The following relates generally to wireless communication, and more specifically to correlation-enhanced frequency scanning.
Wireless communications systems are widely deployed to provide various types of communication content such as voice, video, packet data, messaging, broadcast, and so on. These systems may be capable of supporting communication with multiple users by sharing the available system resources (e.g., time, frequency, and power). Examples of such multiple-access systems include fourth generation (4G) systems such as a Long Term Evolution (LTE) systems or LTE-Advanced (LTE-A) systems, and fifth generation (5G) systems which may be referred to as New Radio (NR) systems.
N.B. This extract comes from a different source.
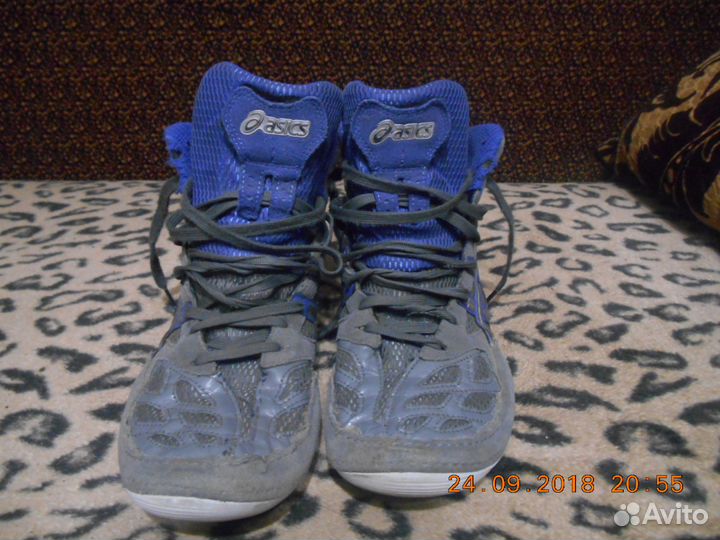 Борцовки 39 р-р. asics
These systems may employ technologies such as code division multiple access (CDMA), time division multiple access (TDMA), frequency division multiple access (FDMA), orthogonal frequency division multiple access (OFDMA), or discrete Fourier transform-spread-OFDM (DFT-S-OFDM). A wireless multiple-access communications system may include a number of base stations or network access nodes, each simultaneously supporting communication for multiple communication devices, which may be otherwise known as user equipment (UE).
Prior to attempting to establish a connection with a base station, a UE may perform a frequency scan (FSCAN) operation to identify candidate frequency channels for establishing a connection. According to certain legacy FSCAN operations, a UE may return 30 candidate frequency channels for each frequency band it scans. However, a UE may spend approximately 40 milliseconds on each candidate frequency channel for initial acquisition of any cell in that frequency band. In frequency bands that are not being used for active communications by a cell (e.g., an empty frequency band), an FSCAN operation may waste up to 1.2 seconds while attempting to identify candidate frequency channels within the empty frequency band.